Have you tried yak cheese?


----------



## Mvinotime (May 25, 2015)

Thank you yes that is my concern the transfer of the germs causing illness and Im not gonna lie I Kiss on my boys face all the time lol and anytime he chews he uses his feet so I assume the same would be true eating a raw bone and then walking all over the furniture and in bed I just cant do it. No I have actually never heard of yak cheese? Can you tell me about that? The bully sticks mentioned above I am aware of but didnt realize they were specifically helpful for teeth cleaning purposes that is new to me and I had not tried those either.


----------



## angiefurst (May 24, 2018)

I agree - I don't feed raw. My dogs do get hard solid bones. Never chicken because I worry about splintering.

A good way to cook chicken is in a crock pot. I put the chicken with some water and rice on when I go to bed and it's ready the next morning.


----------



## lily cd re (Jul 23, 2012)

Here is a link for yak cheese on Amazon. It comes in different sizes and my SIL takes the little nubby ends and microwaves them a little and they puff up so they have life beyond teeth cleaning.

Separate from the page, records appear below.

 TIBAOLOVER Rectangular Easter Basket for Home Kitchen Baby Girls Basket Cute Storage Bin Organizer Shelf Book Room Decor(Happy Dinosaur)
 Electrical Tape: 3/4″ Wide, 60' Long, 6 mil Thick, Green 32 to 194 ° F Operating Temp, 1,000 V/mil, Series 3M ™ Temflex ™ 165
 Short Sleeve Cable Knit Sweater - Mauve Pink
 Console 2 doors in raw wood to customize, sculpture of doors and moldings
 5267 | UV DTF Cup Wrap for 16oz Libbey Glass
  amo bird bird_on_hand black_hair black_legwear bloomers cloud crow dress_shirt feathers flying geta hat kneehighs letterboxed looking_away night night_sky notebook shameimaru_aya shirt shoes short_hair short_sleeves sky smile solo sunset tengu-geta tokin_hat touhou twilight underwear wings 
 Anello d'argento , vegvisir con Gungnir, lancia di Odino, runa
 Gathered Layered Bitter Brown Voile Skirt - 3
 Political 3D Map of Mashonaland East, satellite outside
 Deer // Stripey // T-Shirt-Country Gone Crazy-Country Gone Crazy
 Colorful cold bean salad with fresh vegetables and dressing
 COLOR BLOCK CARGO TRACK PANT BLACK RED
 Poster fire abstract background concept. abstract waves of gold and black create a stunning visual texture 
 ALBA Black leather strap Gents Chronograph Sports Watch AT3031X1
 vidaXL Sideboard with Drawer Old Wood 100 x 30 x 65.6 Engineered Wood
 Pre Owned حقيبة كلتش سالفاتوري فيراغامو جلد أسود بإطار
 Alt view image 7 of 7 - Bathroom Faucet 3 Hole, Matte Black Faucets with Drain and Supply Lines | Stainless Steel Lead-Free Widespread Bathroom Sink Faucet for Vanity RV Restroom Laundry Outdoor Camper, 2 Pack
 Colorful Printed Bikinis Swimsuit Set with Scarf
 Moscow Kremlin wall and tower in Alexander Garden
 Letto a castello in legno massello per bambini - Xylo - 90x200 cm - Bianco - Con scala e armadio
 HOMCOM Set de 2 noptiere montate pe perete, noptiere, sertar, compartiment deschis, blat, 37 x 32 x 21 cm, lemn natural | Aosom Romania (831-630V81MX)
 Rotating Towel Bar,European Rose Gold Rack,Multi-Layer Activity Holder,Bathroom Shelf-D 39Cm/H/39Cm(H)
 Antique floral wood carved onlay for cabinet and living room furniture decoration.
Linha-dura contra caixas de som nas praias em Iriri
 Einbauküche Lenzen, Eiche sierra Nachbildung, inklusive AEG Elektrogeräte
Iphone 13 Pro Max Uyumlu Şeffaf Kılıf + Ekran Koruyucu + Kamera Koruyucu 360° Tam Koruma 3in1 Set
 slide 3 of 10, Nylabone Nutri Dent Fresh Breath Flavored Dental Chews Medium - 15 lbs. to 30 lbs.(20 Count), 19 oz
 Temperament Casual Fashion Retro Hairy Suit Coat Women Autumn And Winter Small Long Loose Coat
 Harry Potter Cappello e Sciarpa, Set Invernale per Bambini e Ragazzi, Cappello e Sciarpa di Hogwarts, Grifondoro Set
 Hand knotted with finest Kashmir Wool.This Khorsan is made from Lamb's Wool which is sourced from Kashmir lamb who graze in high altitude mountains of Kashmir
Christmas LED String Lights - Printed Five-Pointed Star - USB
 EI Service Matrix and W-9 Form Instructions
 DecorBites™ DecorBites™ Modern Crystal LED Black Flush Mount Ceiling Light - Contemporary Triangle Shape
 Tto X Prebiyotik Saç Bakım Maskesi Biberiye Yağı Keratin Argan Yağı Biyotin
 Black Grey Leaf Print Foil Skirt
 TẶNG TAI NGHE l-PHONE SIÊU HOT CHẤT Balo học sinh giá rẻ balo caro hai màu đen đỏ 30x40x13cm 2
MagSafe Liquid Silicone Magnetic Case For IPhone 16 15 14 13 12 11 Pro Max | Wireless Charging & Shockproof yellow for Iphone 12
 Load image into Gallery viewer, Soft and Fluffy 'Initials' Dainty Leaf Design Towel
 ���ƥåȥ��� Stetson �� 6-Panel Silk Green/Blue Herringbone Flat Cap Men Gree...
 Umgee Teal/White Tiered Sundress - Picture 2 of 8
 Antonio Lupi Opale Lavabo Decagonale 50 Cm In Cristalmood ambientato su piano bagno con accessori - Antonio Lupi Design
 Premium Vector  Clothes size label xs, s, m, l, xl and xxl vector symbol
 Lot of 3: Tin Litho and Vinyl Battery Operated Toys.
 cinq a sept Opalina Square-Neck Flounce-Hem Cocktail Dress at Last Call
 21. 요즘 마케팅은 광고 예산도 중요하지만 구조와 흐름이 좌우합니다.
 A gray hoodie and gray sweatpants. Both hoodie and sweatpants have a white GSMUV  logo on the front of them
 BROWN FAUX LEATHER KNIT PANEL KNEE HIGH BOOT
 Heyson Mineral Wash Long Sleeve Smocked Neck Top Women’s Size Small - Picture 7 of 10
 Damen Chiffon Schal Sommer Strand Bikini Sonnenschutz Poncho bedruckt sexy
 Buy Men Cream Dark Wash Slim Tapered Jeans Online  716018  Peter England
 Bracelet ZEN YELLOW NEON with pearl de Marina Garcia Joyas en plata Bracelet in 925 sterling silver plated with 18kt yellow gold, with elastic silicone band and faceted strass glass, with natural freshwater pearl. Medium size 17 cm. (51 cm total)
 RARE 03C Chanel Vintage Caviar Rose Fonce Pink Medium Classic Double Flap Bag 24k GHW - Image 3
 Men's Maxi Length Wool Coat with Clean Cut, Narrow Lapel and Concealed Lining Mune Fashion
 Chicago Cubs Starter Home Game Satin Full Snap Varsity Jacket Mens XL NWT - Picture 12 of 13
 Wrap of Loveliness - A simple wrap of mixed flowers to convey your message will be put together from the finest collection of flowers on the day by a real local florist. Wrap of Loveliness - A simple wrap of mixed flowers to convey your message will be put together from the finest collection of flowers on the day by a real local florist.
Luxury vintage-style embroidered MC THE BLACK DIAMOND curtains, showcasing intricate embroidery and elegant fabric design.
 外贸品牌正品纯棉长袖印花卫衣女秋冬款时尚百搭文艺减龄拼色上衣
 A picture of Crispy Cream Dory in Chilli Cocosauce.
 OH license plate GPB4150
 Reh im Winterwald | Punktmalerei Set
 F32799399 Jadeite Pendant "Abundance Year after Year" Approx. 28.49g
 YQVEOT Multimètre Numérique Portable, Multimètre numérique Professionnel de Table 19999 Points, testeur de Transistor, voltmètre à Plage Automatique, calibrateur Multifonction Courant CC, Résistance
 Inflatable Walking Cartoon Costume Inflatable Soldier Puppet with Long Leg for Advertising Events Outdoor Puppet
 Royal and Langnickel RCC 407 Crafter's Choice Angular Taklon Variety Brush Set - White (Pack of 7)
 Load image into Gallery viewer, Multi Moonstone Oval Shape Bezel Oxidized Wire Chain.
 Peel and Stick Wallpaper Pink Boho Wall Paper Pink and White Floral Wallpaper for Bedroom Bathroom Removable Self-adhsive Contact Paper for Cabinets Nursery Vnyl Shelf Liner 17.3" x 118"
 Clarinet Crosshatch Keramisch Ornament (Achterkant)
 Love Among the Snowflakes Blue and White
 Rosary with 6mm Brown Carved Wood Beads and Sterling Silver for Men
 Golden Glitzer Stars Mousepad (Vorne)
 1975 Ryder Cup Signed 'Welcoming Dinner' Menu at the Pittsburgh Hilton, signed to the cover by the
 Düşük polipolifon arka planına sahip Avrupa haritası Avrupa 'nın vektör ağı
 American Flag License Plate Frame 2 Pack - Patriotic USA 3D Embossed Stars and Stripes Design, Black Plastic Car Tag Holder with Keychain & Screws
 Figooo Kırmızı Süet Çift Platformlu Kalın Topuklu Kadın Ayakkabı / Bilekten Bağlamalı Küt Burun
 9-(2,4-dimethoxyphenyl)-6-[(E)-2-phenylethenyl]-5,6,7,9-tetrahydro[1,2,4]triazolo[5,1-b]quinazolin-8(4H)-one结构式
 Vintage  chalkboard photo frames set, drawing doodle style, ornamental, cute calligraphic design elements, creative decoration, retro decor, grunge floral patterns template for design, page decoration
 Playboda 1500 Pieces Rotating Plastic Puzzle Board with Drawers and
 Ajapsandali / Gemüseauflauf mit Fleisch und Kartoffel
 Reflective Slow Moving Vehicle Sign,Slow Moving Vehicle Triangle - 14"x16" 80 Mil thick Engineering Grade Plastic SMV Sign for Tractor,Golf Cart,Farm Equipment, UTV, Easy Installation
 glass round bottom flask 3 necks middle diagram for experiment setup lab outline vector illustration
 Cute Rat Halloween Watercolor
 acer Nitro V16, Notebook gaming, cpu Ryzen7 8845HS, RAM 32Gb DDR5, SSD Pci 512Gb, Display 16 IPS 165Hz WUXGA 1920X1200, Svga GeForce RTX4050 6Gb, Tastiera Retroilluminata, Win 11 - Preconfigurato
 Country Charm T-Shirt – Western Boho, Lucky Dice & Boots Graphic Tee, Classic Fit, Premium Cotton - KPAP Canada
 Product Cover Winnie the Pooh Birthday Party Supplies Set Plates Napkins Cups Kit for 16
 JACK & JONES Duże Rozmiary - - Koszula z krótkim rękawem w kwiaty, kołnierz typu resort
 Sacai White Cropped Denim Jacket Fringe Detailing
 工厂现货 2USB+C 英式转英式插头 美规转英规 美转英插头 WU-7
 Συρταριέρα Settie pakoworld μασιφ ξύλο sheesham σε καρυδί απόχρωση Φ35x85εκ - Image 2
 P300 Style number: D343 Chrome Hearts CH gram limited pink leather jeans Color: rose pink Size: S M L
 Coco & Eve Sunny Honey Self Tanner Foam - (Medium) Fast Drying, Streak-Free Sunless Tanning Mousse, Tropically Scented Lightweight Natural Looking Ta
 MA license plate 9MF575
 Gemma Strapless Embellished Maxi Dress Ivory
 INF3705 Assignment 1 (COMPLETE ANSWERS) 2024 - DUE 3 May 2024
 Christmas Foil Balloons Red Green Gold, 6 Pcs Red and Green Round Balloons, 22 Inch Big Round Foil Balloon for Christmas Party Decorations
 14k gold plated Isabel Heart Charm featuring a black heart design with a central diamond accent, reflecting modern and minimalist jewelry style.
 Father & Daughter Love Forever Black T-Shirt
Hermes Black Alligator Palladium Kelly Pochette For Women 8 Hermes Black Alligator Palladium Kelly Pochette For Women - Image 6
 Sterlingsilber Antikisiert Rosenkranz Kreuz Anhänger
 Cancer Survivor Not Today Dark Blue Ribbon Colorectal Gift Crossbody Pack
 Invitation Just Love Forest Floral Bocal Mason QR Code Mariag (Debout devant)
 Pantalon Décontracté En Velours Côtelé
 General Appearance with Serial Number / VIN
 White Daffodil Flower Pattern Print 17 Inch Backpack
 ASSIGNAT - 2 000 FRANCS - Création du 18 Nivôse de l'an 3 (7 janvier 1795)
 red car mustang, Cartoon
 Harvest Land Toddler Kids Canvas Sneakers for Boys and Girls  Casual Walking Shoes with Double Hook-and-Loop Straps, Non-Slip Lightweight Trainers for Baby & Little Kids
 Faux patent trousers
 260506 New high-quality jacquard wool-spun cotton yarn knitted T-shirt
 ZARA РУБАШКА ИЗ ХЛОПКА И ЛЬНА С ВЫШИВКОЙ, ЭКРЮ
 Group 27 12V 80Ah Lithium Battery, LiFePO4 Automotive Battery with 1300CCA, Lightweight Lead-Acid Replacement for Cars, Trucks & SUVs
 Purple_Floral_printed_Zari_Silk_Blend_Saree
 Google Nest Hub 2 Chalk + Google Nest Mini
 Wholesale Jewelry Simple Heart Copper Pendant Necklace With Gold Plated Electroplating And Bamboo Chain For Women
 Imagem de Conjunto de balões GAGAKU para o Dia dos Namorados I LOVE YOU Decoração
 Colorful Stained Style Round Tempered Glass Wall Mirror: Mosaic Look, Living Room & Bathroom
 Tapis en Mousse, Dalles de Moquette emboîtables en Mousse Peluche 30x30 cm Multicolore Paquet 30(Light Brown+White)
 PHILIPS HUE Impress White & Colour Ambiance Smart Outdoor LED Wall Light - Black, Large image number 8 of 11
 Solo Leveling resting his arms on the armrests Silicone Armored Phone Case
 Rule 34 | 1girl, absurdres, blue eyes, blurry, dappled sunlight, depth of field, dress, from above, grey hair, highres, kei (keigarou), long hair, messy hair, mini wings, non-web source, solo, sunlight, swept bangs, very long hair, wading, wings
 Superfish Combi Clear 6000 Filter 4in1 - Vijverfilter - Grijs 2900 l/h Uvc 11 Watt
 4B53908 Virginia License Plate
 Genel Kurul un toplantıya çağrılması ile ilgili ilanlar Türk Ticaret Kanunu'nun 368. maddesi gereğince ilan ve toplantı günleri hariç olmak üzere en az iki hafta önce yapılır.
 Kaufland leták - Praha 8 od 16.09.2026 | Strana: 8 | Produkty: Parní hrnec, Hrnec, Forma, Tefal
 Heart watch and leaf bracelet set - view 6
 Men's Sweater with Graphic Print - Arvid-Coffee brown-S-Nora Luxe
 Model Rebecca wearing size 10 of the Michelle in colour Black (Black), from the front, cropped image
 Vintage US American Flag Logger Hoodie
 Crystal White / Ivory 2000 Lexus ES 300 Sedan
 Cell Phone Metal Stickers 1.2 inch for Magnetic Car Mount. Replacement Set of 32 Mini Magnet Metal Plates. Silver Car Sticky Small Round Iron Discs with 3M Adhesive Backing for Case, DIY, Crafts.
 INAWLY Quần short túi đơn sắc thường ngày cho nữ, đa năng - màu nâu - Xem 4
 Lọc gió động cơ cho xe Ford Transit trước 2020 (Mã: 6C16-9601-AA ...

https://www.amazon.com/gp/product/B01HOWCG2G/ref=oh_aui_detailpage_o05_s00?ie=UTF8&psc=1


----------



## Charleeann67:) (Nov 6, 2017)

Lily, tell me more about microwaving the yak cheese. I bought some for Rudy but it seems to hard and unwieldy for him. What do you do? Cut it into small pieces and microwave it? Does it then end up like a crunchy cookie?


----------



## Mufar42 (Jan 1, 2017)

We also use YAK cheese for our dogs. I like the thicker large size for our boxer while Renn can handle even the small ones as he chews into bits while the boxer will chew pieces/chunks off and swallow. With the large size that doesn't happen. When the cheese gets small where you would worry that they can swallow it, we microwave it and it puffs up into puffs. Takes awhile to cool though. WE really like the YAK as it doesn't smell like the bully sticks, which I can't handle the smells and it isn't messy


----------



## asuk (Jan 6, 2017)

Mufar42 said:


> We also use YAK cheese for our dogs. I like the thicker large size for our boxer while Renn can handle even the small ones as he chews into bits while the boxer will chew pieces/chunks off and swallow. With the large size that doesn't happen. When the cheese gets small where you would worry that they can swallow it, we microwave it and it puffs up into puffs. Takes awhile to cool though. WE really like the YAK as it doesn't smell like the bully sticks, which I can't handle the smells and it isn't messy


the bully sticks milo eats doesnt smell, you can get the no odor kind for bully stick. i tried a beef tendon for him, phhewwww, according to my kids, the stench is like fish farts.. LOL


----------



## lily cd re (Jul 23, 2012)

I haven't microwaved them myself yet, but my SIL does and so does Mufar! How long do you nuke the little ends for Mufar?


Charleeann I can't imagine cutting yak cheese. It is so hard. I would be afraid of wrecking a knife on it or worse cutting off a finger trying to get it to cut that cheese. Maybe save your yak cheese for when Rudy is older.


----------



## Mufar42 (Jan 1, 2017)

I never cut the yak cheese, its too hard I only microwave the small left overs, takes about 30 seconds in my microwave. Once you microwave it, its not dense and as hard so they chew it up much faster In fact its not dense at all just puffy


----------



## Mufar42 (Jan 1, 2017)

Rudy will enjoy chewing on it especially when his teeth are bothering him. Having it hard and dense, well in my opinion it the point. It keeps them busy.


----------